The transmission spectra from the ExoTiC-MIRI and Eureka! pipelines exhibit a consistent morphological structure, albeit with one primary difference: At wavelengths <8 μm, the Eureka! spectrum is systematically deeper. Further investigation showed the different linearity corrections lead to this discrepancy. The derived custom linearity correction in ExoTiC-MIRI (see Section 2.1) is smaller than the default correction for the same increase in observed data numbers, and this correction is amplifier dependent. An analysis of the group-level ramps revealed the default linearity correction led to larger deviations from a linear ramp relative to the custom linearity correction. This is true across all detector columns but, critically, these deviations were largest (by 58%) on the dispersion axis where most of the flux is collected. These differences are most likely due to ExoTiC-MIRI's custom correction better taking into account the debiasing-induced BFE (Argyriou et al. 2023) specific to these data, which predominately impacts the bright pixels at the center of the dispersion axis. This analysis indicates that the ExoTiC-MIRI reduction is more reliable, and we choose to focus our atmospheric modeling primarily on these data.
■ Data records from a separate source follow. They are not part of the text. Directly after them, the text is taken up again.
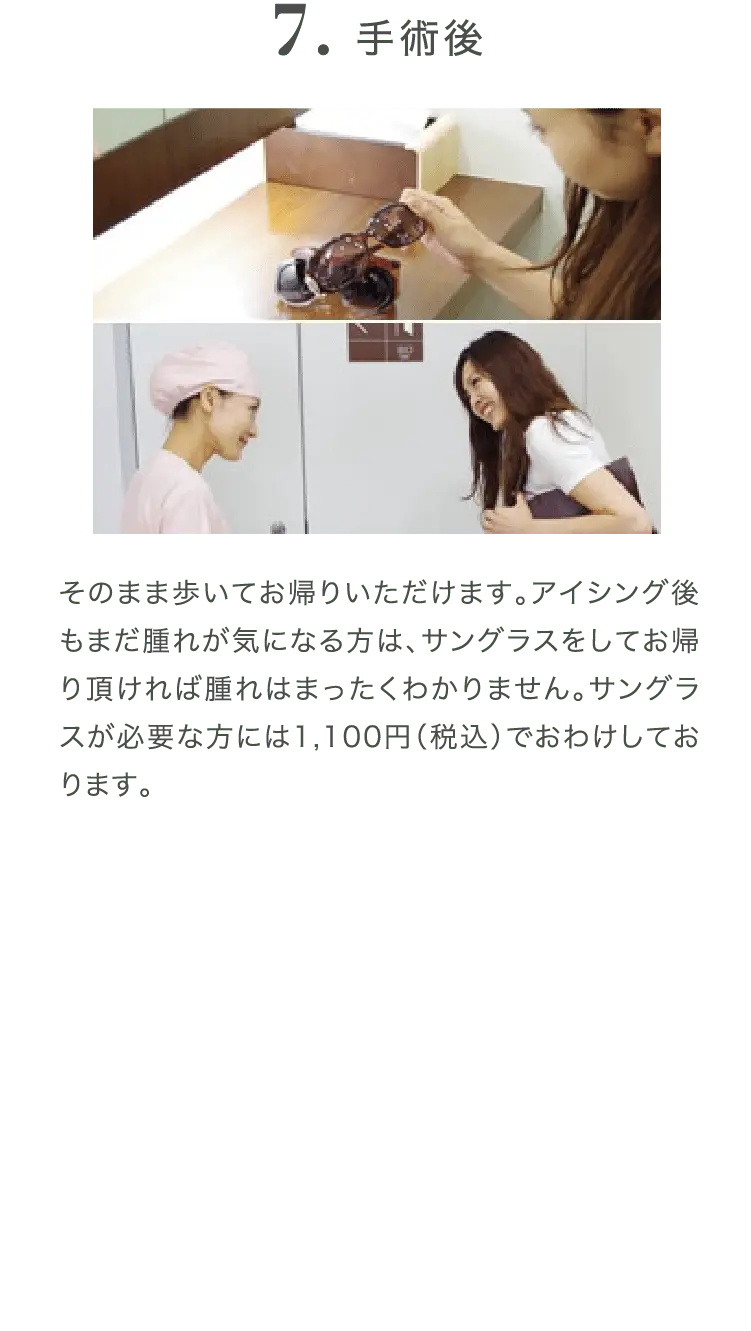 手術後の様子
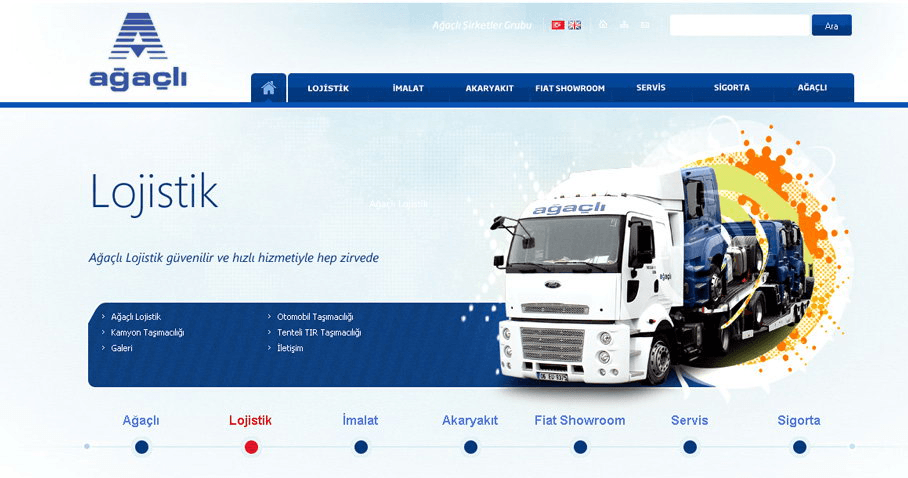 Ağaçlı Grup Web Sitesini Tamamladık 14 Ağaçlı Web Sitesi Bp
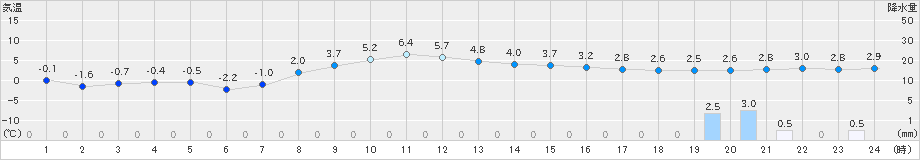 せたな(>2023年03月09日)のアメダスグラフ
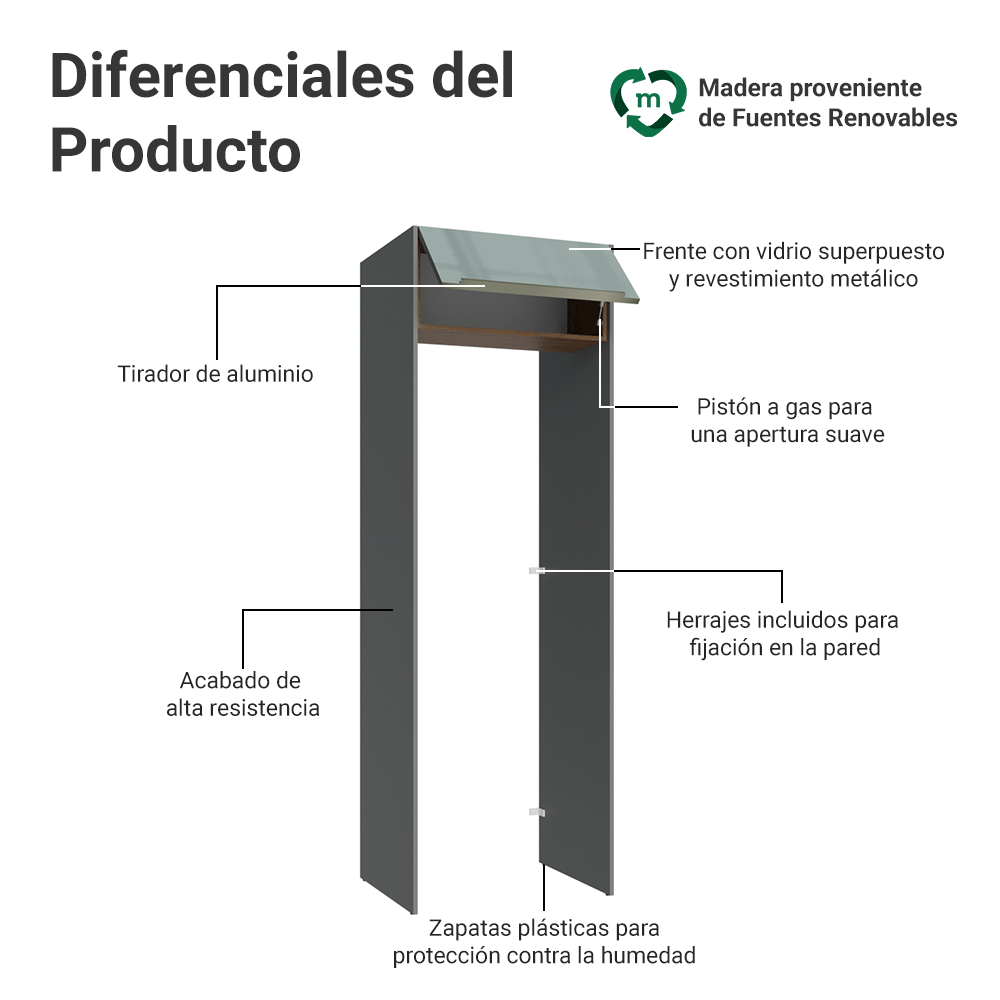 Mueble para empotrar Heladera 73 cm 1 Puerta Abatible Gris/Marrón/Gris Lux Madesa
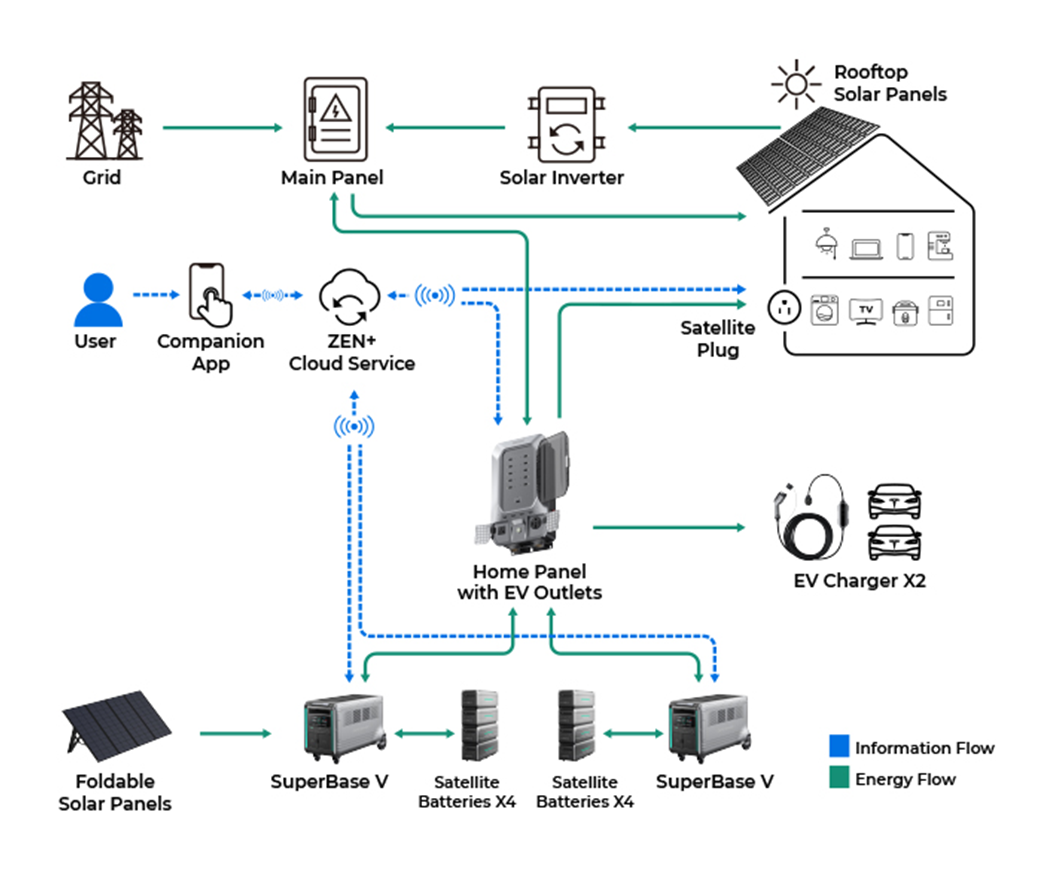 Home Energy Storage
We note that at wavelengths >8 μm the ExoTiC-MIRI and Eureka! transit depths are consistent to better than one standard deviation across all three resolutions, and the residuals between the two reductions pass the Shapiro–Wilk test for normality (Shapiro & Wilk 1965). Any small stochastic differences arise from the choices to fit or fix the limb-darkening coefficients, semimajor axis, inclination, and the type of extraction aperture. We found the transmission spectra were insensitive to decisions about the limb-darkening law within each reduction.

We used a planet-specific grid of self-consistent model atmospheres for WASP-17b generated using ATMO (Amundsen et al. 2014; Drummond et al. 2016; Tremblin et al. 2016; Goyal et al. 2018), with radiative-convective equilibrium pressure–temperature (P–T) profiles consistent with equilibrium chemistry (Goyal et al. 2020). This grid was generated for a range of heat redistribution factors (0.25, 0.5, 0.75, 1.0), metallicities (0.1×, 1×, 10×, 50×, 100×, 200× solar) and C/O ratios (0.35, 0.55, 0.70, 0.75, 1.0, 1.5). The internal temperature of the planet is assumed to be 100 K, although this value is not well known (see, e.g., Thorngren et al. 2019; Sarkis et al. 2021). We test internal temperatures of 100, 200, and 300 K and find the differences in the modeled transmission spectrum to be negligible. Using this grid of WASP-17b model atmospheres, a grid of simulated transmission spectra was generated at R ∼ 1000 for a range of Rayleigh scattering haze factors (1×, 10× nominal Rayleigh scattering) and gray cloud factors (0.0×, 0.5×, 1.0×, 5.0× H₂ Rayleigh scattering cross section at 350 nm).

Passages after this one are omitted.